→ **What to do**
Your answer must be an exact repeat of the lines from the one containing "Versatile Desk/Kitchen/Bar Mat" through the last line of the records, both included, with no pictures.

→ **Records for the task**
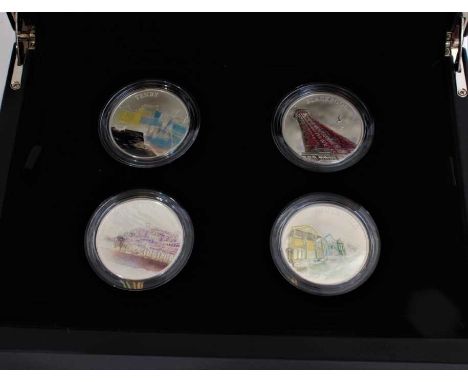 G.B. - The Royal Mint Silver Proof four coin set with colour 'A Portrait of Britain - Celebrating British Landmarks IV' 2018 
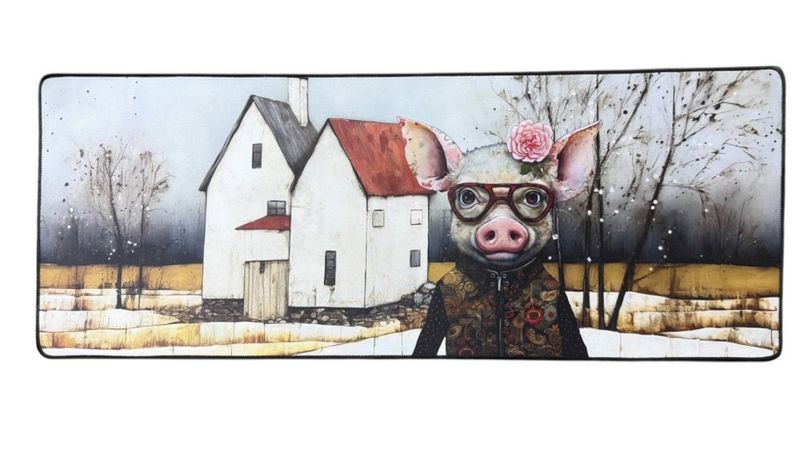 Versatile Desk/Kitchen/Bar Mat - Pig in the Snow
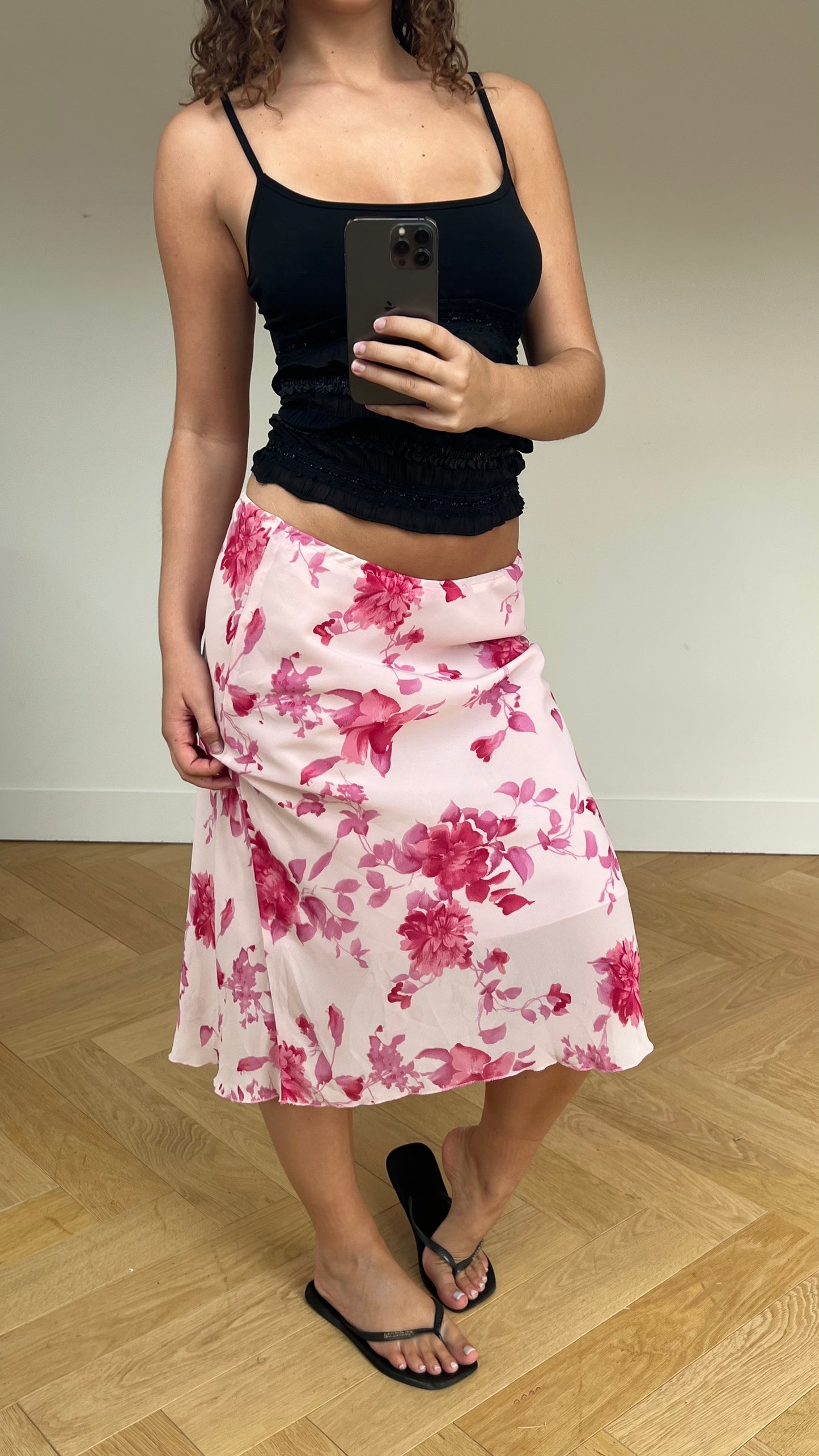 00s pink floral midi skirt- size M/L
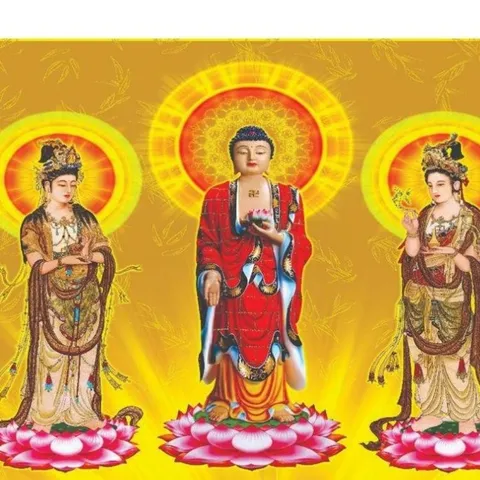 Tranh Tam Thế Phật ( có khung ), đủ kích thước cực đẹp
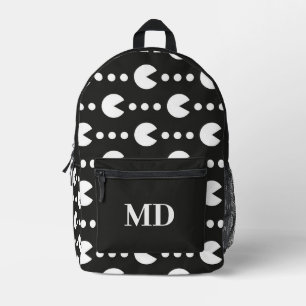 Mochila Impresa Monograma del patrón de juego negro y blanco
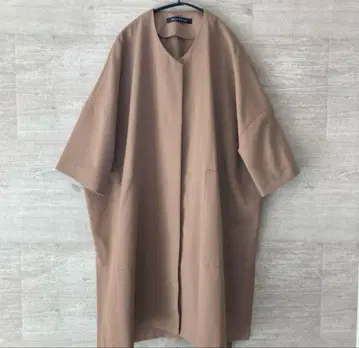 미즈이로 인드 원피스 코트 가디건 노카라 코트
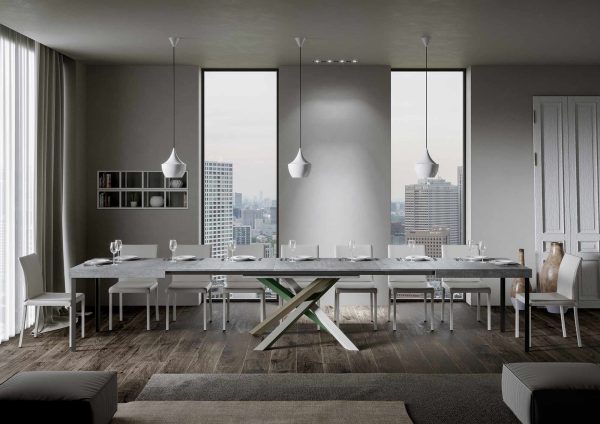 Tavolo Volantis Allungabile piano Cemento 90x130 Allungato 390 telaio 4/A - immagine 4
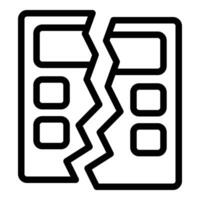 computadora destruir icono contorno vector. datos pérdida vector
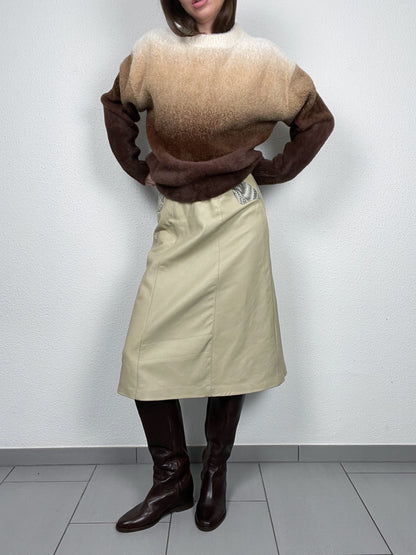 Vintage Leather Midi Skirt – Size S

→ **Task response**
 Versatile Desk/Kitchen/Bar Mat - Pig in the Snow
 00s pink floral midi skirt- size M/L
 Tranh Tam Thế Phật ( có khung ), đủ kích thước cực đẹp
 Mochila Impresa Monograma del patrón de juego negro y blanco
 미즈이로 인드 원피스 코트 가디건 노카라 코트
 Tavolo Volantis Allungabile piano Cemento 90x130 Allungato 390 telaio 4/A - immagine 4
 computadora destruir icono contorno vector. datos pérdida vector
 Vintage Leather Midi Skirt – Size S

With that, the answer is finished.